Information shown section start
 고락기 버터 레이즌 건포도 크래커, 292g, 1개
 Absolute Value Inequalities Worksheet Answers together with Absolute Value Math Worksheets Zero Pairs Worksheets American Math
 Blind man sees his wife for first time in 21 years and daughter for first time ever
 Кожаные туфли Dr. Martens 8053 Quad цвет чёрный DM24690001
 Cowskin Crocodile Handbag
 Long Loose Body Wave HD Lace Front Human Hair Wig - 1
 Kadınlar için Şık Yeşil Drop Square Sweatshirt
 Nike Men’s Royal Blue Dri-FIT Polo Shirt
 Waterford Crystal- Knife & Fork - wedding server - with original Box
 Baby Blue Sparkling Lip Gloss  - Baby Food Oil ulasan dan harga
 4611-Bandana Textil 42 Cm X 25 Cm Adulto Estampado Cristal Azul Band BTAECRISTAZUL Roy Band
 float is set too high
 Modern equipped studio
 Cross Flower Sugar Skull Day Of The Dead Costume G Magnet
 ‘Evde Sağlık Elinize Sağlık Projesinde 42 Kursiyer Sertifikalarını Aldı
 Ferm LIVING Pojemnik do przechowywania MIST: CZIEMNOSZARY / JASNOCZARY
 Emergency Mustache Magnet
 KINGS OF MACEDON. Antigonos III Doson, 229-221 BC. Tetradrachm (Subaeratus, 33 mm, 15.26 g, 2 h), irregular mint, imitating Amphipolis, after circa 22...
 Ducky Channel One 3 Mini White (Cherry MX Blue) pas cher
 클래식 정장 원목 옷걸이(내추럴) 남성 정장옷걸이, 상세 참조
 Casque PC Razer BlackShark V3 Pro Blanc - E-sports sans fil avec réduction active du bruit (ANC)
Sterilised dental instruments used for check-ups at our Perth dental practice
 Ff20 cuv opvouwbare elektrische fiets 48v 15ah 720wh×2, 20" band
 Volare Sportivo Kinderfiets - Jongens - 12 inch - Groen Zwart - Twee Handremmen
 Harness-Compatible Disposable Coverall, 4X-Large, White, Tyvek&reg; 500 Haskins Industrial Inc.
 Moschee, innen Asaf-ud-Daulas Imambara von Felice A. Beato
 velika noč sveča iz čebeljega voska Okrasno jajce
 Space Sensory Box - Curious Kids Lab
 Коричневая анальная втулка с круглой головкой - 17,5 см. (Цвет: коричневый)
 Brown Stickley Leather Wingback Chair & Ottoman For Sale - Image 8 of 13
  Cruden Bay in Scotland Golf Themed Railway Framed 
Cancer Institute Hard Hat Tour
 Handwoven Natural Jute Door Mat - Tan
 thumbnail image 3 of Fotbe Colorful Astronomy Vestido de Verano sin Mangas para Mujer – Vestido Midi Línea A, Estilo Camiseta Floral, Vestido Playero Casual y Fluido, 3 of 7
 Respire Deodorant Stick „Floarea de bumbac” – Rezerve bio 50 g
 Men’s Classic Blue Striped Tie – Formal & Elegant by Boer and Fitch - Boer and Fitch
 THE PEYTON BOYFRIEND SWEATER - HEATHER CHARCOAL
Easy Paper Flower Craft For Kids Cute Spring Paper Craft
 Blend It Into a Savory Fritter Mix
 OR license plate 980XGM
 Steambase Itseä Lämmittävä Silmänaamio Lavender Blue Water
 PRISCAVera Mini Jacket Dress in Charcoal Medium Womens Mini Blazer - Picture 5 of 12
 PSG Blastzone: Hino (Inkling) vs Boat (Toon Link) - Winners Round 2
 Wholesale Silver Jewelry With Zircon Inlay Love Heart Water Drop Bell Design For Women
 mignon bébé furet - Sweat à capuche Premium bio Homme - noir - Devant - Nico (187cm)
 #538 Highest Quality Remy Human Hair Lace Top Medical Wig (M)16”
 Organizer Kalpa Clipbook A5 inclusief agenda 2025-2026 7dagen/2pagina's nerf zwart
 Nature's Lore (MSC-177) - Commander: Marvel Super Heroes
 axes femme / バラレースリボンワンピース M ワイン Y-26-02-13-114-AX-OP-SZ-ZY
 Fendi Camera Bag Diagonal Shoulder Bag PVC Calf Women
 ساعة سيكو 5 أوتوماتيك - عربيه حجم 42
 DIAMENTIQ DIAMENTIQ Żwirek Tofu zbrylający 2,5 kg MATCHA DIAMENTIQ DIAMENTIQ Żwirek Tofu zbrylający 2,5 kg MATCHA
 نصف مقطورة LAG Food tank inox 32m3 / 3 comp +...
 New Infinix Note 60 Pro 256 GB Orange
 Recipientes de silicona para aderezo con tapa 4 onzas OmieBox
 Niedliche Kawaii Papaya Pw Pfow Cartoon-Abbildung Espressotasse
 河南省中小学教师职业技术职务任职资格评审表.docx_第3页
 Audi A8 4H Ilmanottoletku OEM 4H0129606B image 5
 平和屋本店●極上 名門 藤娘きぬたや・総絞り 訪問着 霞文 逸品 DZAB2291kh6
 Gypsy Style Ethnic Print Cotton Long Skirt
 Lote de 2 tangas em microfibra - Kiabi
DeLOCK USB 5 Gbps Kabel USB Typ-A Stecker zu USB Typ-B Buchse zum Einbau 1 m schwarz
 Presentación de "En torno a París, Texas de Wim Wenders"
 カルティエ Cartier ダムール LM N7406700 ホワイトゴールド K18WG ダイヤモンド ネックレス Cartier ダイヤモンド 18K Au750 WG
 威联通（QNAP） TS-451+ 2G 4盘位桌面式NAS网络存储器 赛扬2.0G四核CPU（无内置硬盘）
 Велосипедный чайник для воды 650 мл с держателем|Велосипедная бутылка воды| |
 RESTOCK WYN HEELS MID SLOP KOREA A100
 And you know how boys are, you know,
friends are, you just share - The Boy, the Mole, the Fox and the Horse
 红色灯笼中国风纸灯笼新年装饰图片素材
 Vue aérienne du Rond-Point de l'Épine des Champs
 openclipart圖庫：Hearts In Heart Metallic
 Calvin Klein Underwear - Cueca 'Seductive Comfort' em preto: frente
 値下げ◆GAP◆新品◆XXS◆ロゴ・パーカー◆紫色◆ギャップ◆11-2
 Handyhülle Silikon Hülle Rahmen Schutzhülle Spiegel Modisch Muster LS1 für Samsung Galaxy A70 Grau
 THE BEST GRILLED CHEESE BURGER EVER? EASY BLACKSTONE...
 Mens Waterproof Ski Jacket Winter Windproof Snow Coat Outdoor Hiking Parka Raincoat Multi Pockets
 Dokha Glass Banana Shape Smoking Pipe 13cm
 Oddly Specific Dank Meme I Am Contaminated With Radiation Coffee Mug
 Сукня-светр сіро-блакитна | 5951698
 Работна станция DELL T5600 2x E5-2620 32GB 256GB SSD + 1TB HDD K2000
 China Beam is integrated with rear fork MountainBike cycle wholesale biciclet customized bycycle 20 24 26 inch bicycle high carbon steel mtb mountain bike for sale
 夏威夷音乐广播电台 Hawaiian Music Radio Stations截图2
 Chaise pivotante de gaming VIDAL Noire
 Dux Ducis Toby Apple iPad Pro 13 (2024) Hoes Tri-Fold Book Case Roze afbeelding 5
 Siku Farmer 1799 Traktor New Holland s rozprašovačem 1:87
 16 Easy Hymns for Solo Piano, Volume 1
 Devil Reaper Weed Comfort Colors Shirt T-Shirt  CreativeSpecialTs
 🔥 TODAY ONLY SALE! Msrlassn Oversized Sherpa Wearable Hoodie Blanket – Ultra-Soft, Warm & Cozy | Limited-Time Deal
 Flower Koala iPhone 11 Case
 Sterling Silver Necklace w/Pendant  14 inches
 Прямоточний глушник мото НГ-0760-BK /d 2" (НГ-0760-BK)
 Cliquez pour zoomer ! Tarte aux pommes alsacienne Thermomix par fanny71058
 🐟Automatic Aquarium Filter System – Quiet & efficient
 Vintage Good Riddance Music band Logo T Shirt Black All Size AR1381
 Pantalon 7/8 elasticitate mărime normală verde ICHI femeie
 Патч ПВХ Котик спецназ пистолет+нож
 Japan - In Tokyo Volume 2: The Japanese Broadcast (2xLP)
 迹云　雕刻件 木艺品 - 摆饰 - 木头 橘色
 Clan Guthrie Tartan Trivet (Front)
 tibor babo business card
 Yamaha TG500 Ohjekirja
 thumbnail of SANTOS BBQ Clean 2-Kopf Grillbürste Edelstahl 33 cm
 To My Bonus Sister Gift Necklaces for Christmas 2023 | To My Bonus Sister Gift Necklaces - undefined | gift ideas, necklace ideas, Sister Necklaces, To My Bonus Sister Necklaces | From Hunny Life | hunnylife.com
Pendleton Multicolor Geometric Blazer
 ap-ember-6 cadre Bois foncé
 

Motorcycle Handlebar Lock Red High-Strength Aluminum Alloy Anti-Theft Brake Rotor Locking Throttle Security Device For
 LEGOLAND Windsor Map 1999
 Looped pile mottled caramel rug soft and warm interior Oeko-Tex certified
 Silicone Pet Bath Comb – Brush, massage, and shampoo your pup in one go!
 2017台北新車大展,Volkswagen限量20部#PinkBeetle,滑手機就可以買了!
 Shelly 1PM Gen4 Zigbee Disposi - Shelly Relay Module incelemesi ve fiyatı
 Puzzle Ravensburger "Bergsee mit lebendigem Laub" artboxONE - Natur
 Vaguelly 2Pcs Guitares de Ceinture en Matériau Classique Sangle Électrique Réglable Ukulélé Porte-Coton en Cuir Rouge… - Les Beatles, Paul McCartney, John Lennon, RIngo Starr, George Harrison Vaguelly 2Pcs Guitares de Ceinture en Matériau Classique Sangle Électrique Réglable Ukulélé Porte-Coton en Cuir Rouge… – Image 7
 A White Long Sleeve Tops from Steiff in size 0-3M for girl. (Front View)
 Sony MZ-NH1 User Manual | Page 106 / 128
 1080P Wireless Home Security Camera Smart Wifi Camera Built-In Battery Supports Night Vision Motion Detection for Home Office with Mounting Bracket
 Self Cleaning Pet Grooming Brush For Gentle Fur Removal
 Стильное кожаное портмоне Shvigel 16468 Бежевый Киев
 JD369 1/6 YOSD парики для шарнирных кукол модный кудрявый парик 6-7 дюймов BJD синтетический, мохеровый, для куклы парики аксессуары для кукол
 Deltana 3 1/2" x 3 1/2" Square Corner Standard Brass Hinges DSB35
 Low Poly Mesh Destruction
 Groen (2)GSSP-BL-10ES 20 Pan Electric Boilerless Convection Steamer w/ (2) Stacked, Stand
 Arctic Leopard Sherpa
Information shown section end
Work required »
Every line above from the line with "Работна станция DELL" to the line with "Siku Farmer 1799" is wanted, ends included; write them out exactly and add no other line.

The answer »
 Работна станция DELL T5600 2x E5-2620 32GB 256GB SSD + 1TB HDD K2000
 China Beam is integrated with rear fork MountainBike cycle wholesale biciclet customized bycycle 20 24 26 inch bicycle high carbon steel mtb mountain bike for sale
 夏威夷音乐广播电台 Hawaiian Music Radio Stations截图2
 Chaise pivotante de gaming VIDAL Noire
 Dux Ducis Toby Apple iPad Pro 13 (2024) Hoes Tri-Fold Book Case Roze afbeelding 5
 Siku Farmer 1799 Traktor New Holland s rozprašovačem 1:87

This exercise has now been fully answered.